I read a research paper a few years ago about the sub-lethal affects of glyphosate in sweet cherries.

It was a really expensive study because in the course of it they basically had to kill a bunch of mature cherry trees.

When they found the correct dose the above was the kind of damage they saw, but it really had no utlility as the range between no effect and a lethal dose was really narrow and very dependent on environmental conditions.

I realize you are probably joking, but if you want to mess around with a powerful cytokinin then look into thidiazuron.
 
This is way more detail than I would put in a response, and totally correct.

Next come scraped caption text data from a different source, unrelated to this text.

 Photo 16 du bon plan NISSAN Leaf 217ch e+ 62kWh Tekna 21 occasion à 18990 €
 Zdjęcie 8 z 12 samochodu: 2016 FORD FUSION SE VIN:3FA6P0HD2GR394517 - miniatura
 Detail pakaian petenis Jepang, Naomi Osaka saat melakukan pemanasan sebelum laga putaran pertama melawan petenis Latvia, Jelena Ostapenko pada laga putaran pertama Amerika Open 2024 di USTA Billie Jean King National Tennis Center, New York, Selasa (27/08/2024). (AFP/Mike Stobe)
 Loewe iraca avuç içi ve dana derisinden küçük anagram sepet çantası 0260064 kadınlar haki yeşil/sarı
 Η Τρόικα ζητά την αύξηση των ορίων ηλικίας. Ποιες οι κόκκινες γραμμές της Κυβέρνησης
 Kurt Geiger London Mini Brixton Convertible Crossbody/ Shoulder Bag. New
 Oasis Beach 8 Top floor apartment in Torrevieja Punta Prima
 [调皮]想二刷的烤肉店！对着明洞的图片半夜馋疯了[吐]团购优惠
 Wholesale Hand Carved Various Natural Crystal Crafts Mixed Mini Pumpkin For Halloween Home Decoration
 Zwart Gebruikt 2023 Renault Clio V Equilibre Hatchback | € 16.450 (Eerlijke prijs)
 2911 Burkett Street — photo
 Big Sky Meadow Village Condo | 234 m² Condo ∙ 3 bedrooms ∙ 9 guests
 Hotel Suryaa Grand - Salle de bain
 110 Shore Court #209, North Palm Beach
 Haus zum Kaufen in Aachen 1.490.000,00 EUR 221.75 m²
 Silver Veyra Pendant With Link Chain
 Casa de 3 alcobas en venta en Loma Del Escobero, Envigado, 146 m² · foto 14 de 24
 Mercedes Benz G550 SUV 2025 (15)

I see damage like this on many mature woody shrubs that are treated with glyphosate in fence rows and the like.
Yah. I agree.

Should we add that auxin is synthesized from tryptophan. Auxin is what makes long cells --> big leaves, long internodes?
 
I read a research paper a few years ago about the sub-lethal affects of glyphosate in sweet cherries.

It was a really expensive study because in the course of it they basically had to kill a bunch of mature cherry trees.

When they found the correct dose the above was the kind of damage they saw, but it really had no utlility as the range between no effect and a lethal dose was really narrow and very dependent on environmental conditions.

I realize you are probably joking, but if you want to mess around with a powerful cytokinin then look into thidiazuron.
Not totally joking as I think it would be just great to be able to manipulate plants to make bonsai - short internodes, fat and tapering trunks in something far less than a lifetime (actually less than the lifetime I have left). IMHO, bonsai is all about manipulating the species characteristics to produce an artistic and living end.

Why is the way it has been done for a few millennia the only way it can be done - strategically limit nitrogen availability, cut it, and keep limited lengths of root?